Problem requirements: Write out exactly the lines of the entries below from the one holding "Nike Vapor Ultrafly" to the one holding "Памятник Ленину и пл. Центральная", inclusive, and leave out all other lines.

Supplied records:
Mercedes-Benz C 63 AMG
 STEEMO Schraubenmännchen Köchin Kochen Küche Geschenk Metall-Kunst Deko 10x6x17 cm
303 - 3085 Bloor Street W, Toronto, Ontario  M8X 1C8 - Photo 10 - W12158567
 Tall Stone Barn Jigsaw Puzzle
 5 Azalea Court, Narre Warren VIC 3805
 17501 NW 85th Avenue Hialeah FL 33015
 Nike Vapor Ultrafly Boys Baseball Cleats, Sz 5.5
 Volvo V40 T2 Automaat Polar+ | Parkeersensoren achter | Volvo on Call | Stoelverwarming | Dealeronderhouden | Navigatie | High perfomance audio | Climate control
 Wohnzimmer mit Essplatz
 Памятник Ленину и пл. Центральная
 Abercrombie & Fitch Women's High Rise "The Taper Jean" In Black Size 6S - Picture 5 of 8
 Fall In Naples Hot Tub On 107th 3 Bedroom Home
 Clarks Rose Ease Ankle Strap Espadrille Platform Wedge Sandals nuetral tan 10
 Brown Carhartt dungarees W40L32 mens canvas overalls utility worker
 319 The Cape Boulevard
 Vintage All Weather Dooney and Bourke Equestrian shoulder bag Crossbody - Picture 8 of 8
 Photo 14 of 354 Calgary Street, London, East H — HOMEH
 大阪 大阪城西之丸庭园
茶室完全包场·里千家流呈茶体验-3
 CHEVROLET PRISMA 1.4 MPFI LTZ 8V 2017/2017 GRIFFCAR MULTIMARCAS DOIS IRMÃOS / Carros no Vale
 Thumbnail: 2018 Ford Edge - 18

Exercise output:
 Nike Vapor Ultrafly Boys Baseball Cleats, Sz 5.5
 Volvo V40 T2 Automaat Polar+ | Parkeersensoren achter | Volvo on Call | Stoelverwarming | Dealeronderhouden | Navigatie | High perfomance audio | Climate control
 Wohnzimmer mit Essplatz
 Памятник Ленину и пл. Центральная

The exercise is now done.